Hirvonen Tero, Sinkko Harri, Valsta Liisa, Hannila Marja-Leena, Pietinen Pirjo
Dept. of Health Promotion and Chronic Disease Prevention, National Public Health Institute, Mannerheimintie 166, 00300, Helsinki, Finland.
Eur J Nutr. 2007 Aug;46(5):264-70. doi: 10.1007/s00394-007-0660-0. Epub 2007 May 18.
Average vitamin D intake is low in Finland. Even though almost all retail milk and margarine are fortified with vitamin D, the vitamin D intake is inadequate for a significant proportion of the population. Consequently, expanded food fortification with vitamin D would be motivated. However, there is a risk of unacceptably high intakes due to the rather narrow range of the adequate and safe intake. Therefore, a safe and efficient food fortification practice should be found for vitamin D.
To develop a model for optimal food fortification and apply it to vitamin D.
The FINDIET 2002 Study (48-h recall and data on supplement use (n = 2007), and 3 + 3 days' food records, n = 247) was used as the test data. The proportion of the population whose vitamin D intake is between the recommended intake (RI) and the upper tolerable intake level (UL) was plotted against the fortification level per energy for selected foods. The fortification level that maximized the proportion of the population falling between RI and UL was considered the optimal fortification level.
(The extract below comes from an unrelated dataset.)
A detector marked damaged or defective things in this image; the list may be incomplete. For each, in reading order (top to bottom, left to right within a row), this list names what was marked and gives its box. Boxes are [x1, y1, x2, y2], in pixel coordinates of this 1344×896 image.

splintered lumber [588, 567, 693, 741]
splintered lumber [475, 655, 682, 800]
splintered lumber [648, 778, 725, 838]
If only milk, butter milk, yoghurt and margarine were fortified, it would be impossible to find a fortification level by which the intake of the whole population would lie within the RI-UL range. However, if all potentially fortifiable foods were fortified with vitamin D at level 1.2-1.5 microg/100 kcal, the intake of the whole adult population would be between the currently recommended intake of 7.5 microg/d and the current tolerable upper intake level of 50 microg/day (model 1). If the RI was set to 40 microg/day and UL to 250 microg/day, the optimal fortification level would be 9.2 microg/100 kcal in the scenario where all potentially fortifiable foods were fortified (model 2). Also in this model the whole population would fall between the RI-UL range.
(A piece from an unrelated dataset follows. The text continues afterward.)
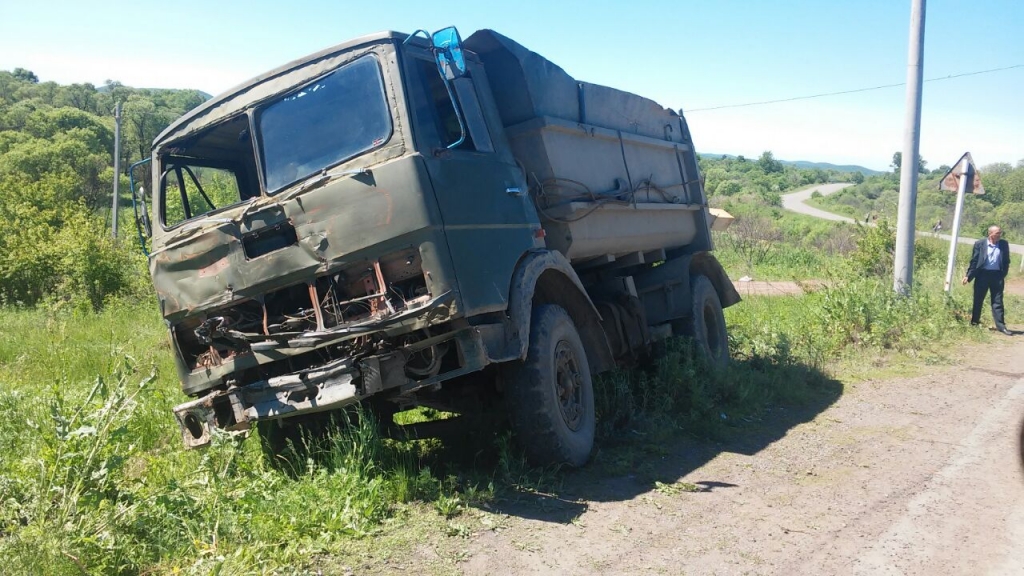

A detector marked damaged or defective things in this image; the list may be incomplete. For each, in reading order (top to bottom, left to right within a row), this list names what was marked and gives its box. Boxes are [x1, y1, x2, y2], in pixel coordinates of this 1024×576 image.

damaged military truck [144, 28, 736, 468]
Our model of adding a specific level of vitamin D/100 kcal to all potentially fortifiable foods (1.2-1.5 microg/100 kcal in model 1 and 9.2 microg/100 kcal in model 2) seems to be an efficient and safe food fortification practise.
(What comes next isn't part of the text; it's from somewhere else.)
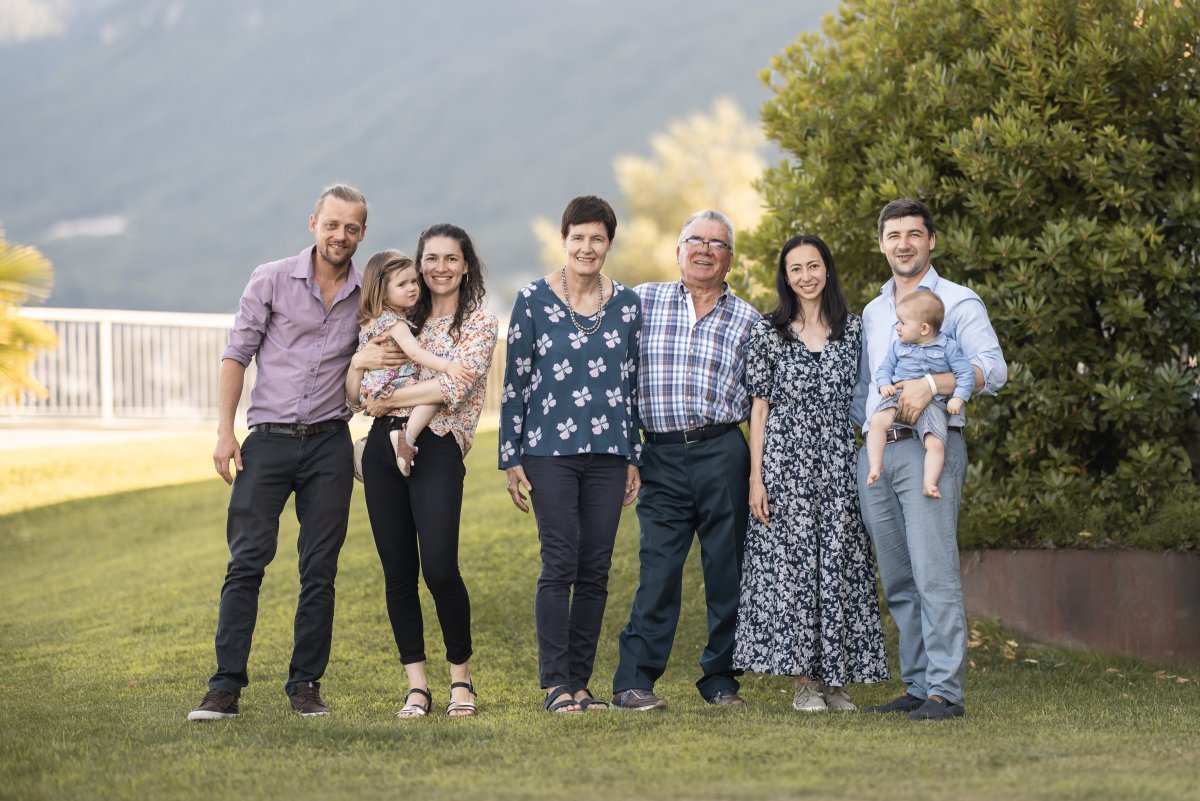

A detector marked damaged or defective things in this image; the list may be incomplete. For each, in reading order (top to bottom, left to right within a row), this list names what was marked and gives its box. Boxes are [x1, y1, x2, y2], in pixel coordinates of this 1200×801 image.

rusted metal planter [960, 546, 1200, 666]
芬兰人的维生素D平均摄入量较低。尽管几乎所有零售牛奶和人造黄油都添加了维生素D,但仍有相当一部分人口的维生素D摄入量不足。因此,有必要扩大维生素D强化食品的范围。然而,由于适宜摄入量和安全摄入量范围较窄,存在摄入过量的风险。因此,应找到一种安全有效的维生素D食品强化方法。
建立最佳食品强化模型并将其应用于维生素D。
将2002年芬兰饮食研究(48小时膳食回顾及补充剂使用数据(n = 2007),以及3 + 3天食物记录,n = 247)用作测试数据。针对选定食物,将维生素D摄入量在推荐摄入量(RI)和可耐受最高摄入量(UL)之间的人群比例与每能量单位的强化水平作图。使摄入量处于RI和UL之间的人群比例最大化的强化水平被视为最佳强化水平。
如果仅对牛奶、酪乳、酸奶和人造黄油进行强化,将无法找到一个能使全体人群摄入量处于RI - UL范围内的强化水平。然而,如果所有可能强化的食物都按1.2 - 1.5微克/100千卡的水平添加维生素D,全体成年人群的摄入量将介于目前推荐的7.5微克/天和当前可耐受最高摄入量50微克/天之间(模型1)。如果将RI设定为40微克/天,UL设定为250微克/天,在所有可能强化的食物都进行强化的情况下,最佳强化水平将为9.2微克/100千卡(模型2)。在该模型中,全体人群的摄入量也将处于RI - UL范围内。
我们的模型,即对所有可能强化的食物添加特定水平的维生素D/100千卡(模型1中为1.2 - 1.5微克/100千卡,模型2中为9.2微克/100千卡),似乎是一种有效且安全的食品强化方法。